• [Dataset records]
+ + +
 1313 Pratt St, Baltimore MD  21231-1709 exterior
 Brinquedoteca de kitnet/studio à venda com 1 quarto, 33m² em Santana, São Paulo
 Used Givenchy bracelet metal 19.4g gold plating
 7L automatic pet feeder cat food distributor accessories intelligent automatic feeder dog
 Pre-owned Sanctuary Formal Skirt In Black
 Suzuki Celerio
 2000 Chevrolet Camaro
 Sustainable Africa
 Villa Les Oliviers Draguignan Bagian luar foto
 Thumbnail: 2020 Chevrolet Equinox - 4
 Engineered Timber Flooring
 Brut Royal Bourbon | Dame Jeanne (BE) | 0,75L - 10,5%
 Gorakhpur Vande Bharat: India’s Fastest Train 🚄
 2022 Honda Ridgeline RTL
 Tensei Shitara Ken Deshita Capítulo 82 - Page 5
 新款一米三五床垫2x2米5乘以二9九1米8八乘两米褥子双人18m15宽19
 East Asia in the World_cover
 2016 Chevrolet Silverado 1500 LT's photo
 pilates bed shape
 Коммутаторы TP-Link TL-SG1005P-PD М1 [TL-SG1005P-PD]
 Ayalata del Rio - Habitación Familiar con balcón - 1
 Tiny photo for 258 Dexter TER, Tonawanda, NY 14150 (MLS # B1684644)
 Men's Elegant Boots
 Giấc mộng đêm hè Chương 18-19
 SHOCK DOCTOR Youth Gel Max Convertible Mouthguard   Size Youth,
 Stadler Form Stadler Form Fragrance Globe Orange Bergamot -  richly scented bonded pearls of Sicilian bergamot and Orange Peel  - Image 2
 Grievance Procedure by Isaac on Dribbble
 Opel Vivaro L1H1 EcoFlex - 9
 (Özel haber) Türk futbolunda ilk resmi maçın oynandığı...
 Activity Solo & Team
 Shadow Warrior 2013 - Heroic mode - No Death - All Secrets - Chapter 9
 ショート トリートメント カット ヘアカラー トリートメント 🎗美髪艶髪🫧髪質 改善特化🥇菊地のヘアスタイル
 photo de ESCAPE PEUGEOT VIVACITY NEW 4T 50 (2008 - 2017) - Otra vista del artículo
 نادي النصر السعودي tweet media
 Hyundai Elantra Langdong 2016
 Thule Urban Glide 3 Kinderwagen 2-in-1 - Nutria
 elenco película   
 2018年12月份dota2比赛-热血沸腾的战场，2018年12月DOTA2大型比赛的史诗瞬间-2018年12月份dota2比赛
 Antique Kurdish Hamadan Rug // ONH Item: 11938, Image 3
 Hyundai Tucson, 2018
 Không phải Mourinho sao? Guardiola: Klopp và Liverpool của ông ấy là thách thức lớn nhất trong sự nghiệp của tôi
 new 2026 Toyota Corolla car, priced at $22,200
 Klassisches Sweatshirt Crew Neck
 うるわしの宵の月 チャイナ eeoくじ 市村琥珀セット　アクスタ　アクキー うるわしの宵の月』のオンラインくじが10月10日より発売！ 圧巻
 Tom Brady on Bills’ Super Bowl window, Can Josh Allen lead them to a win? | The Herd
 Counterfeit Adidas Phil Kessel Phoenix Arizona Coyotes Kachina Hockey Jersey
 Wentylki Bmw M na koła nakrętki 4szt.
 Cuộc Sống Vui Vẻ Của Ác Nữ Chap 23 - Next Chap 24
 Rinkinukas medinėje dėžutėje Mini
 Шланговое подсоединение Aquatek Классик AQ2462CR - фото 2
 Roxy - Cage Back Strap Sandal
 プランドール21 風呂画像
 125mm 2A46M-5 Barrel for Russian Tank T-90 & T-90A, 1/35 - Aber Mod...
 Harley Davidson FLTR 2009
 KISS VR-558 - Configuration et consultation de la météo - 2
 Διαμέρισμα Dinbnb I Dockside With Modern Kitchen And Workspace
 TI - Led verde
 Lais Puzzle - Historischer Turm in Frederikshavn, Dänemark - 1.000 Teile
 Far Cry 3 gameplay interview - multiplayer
+ + +
All lines from the line holding "TI - Led verde" through the end of the records above need to be transcribed exactly, and no other text should appear.

 TI - Led verde
 Lais Puzzle - Historischer Turm in Frederikshavn, Dänemark - 1.000 Teile
 Far Cry 3 gameplay interview - multiplayer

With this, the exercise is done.